#### [What the exercise asks]
For the entries below, copy exactly the line that contains "Criusia 15 Pack" through the line that contains "Travesseiro de pelúcia", both ends included, and exclude all pictures.

#### [Stored data]
------------------------------------

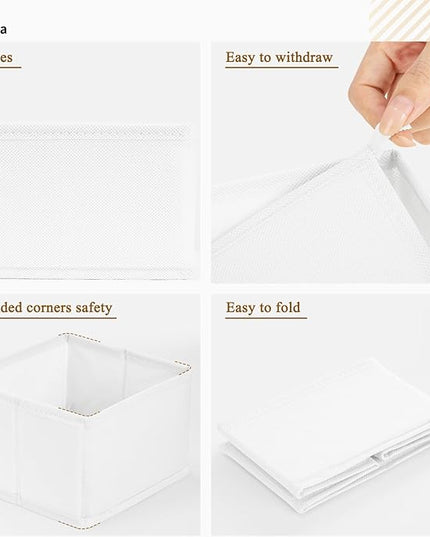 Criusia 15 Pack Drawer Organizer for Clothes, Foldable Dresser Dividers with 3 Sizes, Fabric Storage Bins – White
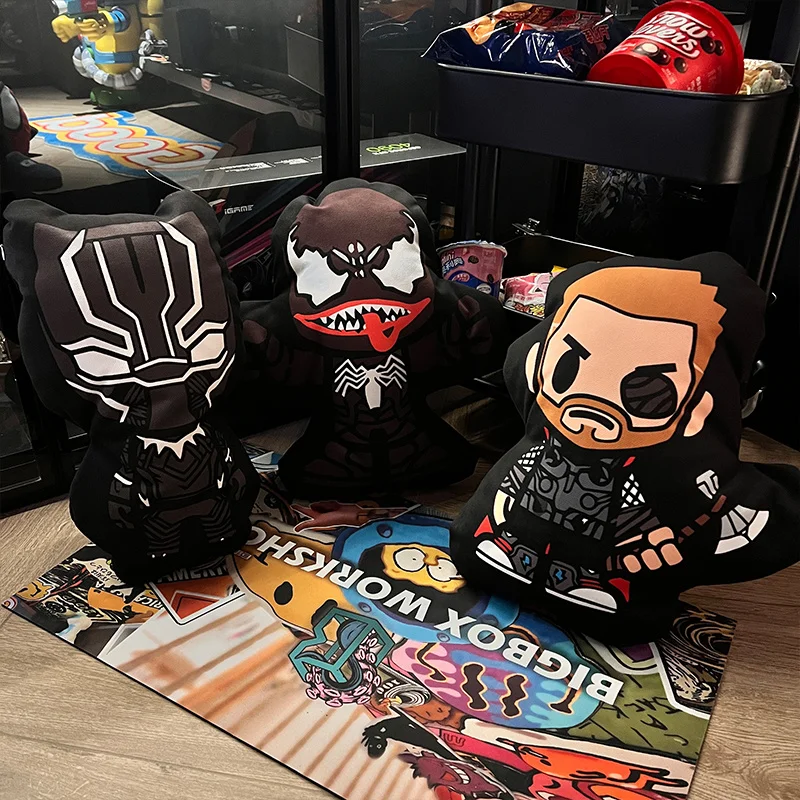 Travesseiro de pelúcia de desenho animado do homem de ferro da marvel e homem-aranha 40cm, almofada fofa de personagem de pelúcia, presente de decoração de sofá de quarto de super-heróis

------------------------------------

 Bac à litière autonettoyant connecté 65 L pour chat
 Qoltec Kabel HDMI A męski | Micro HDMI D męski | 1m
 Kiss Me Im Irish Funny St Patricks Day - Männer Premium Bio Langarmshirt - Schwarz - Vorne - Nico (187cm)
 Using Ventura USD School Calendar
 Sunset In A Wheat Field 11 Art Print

------------------------------------

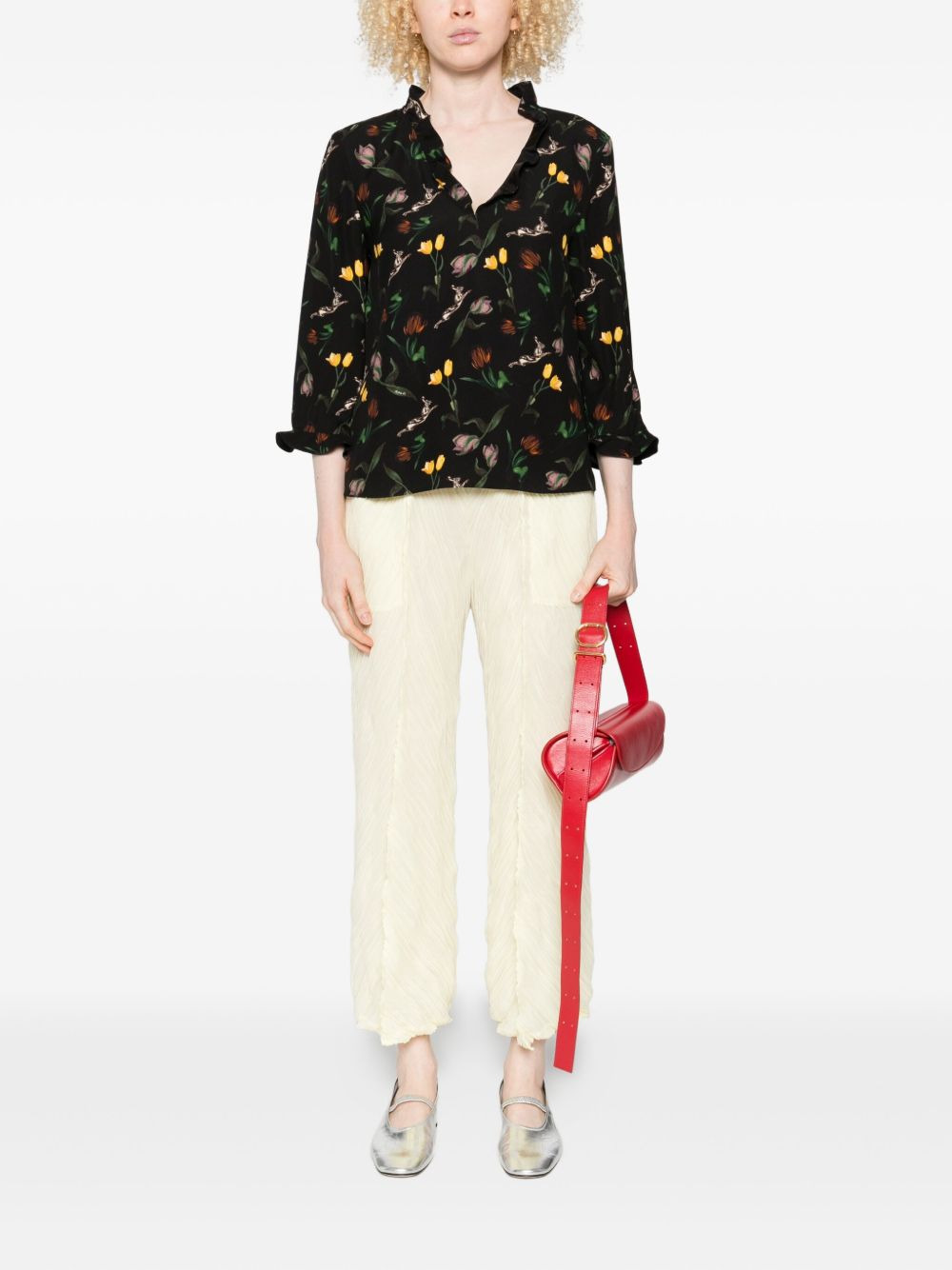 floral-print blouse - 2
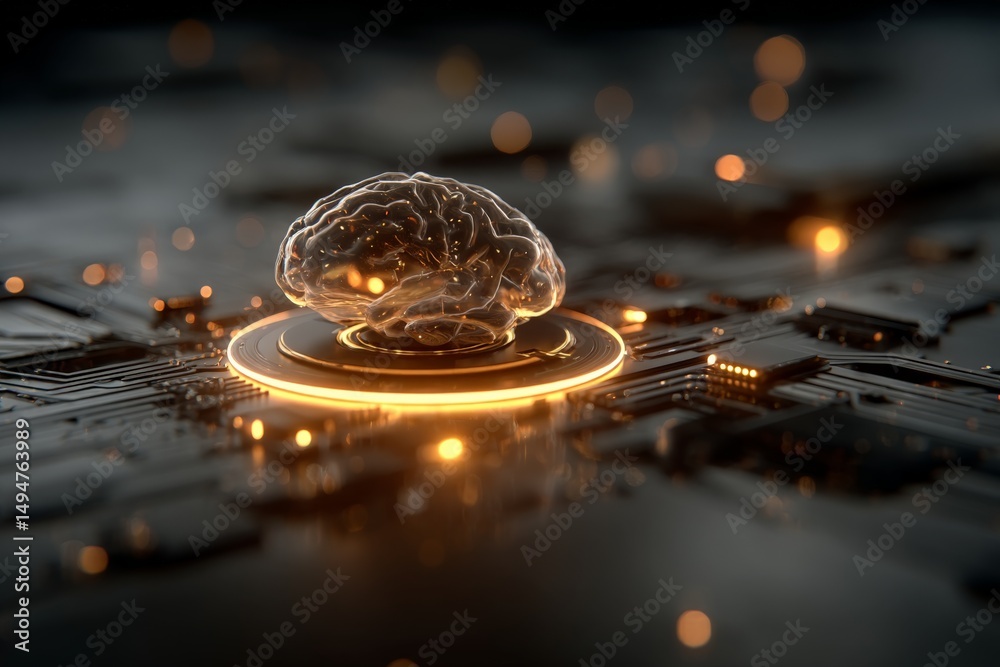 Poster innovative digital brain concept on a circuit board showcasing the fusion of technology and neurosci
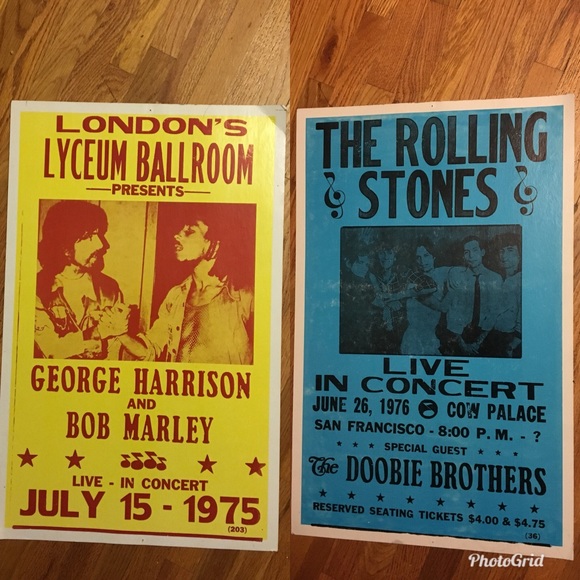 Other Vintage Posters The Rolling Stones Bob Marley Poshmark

------------------------------------

#### [Answer box]
 Criusia 15 Pack Drawer Organizer for Clothes, Foldable Dresser Dividers with 3 Sizes, Fabric Storage Bins – White
 Travesseiro de pelúcia de desenho animado do homem de ferro da marvel e homem-aranha 40cm, almofada fofa de personagem de pelúcia, presente de decoração de sofá de quarto de super-heróis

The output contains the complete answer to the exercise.